I have not taken the time to study and compile statistics on the speed of mechanical calculating devices or abacus (soroban) versus the speed of manual or mental computation in the centuries prior to electronic computing; however, I presume that some statistics may exist. Once again, the speed of computation using any mechanical device would have depended both on the advantages that the specific device may haved provided and the speed of the human using the device. There was also a famous competition in 1946 between a Japanese soroban operator and an American electric calculator operator in which the soroban operator won. This showed that the right operator of an ancient calculating device could beat a skilled operator of a newer calculating device, but we could not generalize from a single competition.

Among the earliest statistics about calculating speed in the history of electronic computing is the comparison between the electromechanical Harvard Mark 1 machine that used relays as switches, and the ENIAC that used 18,000 vacuum tubes as switches. The Harvard Mark 1, which became operational in 1944, performed calculations at one hundred times the speed of a human computer, while the electronic ENIAC, which became operational in 1945, performed calculations at 10,000 times the speed of a human computer. This thousand times increase in speed using electronic rather than electromechanical switches immediately made clear to all involved that the future of computing would be electronic, and demonstrated that electronic computing far exceeded the capacity of the fastest human computers. Within a short time the fear that the new machines built by man would replace people came to the fore, and people like neurosurgeon Sir Geoffrey Jefferson wrote reassuringly about the differences between computers and the human brain.

Even though the earliest electronic computers, such as the ENIAC or UNIVAC, were very significantly faster than people, their printed output was very slow compared to the speed of the information processing by electronic computer. The first electronic computers output data on punched cards. Or, if they used a printer, it was through a terminal like a teletype which output between 60 and 100 words per minute. Assuming 250 words per page, this speed would, ironically, have been equivalent to handpress printing, but quality of teletype was totally inferior printing on a handpress.

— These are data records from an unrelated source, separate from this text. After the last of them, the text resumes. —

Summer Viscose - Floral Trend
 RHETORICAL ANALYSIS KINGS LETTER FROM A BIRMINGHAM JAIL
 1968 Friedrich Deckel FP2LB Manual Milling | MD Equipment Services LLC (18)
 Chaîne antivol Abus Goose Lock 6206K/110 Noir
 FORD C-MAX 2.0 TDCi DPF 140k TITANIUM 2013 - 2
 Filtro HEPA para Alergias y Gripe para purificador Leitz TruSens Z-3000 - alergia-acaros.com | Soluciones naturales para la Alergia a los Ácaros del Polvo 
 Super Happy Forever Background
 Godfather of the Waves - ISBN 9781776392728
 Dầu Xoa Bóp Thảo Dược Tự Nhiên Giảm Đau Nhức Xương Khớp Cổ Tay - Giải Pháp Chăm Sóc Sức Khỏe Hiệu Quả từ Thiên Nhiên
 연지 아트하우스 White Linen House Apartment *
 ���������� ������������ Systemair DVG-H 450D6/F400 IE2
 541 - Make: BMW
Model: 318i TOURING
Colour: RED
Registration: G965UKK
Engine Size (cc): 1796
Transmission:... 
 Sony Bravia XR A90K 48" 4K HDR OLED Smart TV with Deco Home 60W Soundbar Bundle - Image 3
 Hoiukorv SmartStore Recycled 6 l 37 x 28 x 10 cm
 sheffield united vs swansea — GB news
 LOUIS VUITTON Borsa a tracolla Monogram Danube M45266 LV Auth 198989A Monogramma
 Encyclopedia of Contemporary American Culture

Over time the speed of computer printers and their print quality gradually increased to speeds like 20,000 "impressions" or copies per hour on an industrial size digital inkjet press, but their high quality output remained far slower than the information processing that controled them. At 20,000 impressions per hour, roughly 1000 times the spreed of handpress printing, we can still watch the copies moving through the digital press while the electronic information processing done by the computers driving the press remains so far beyond our sense perception.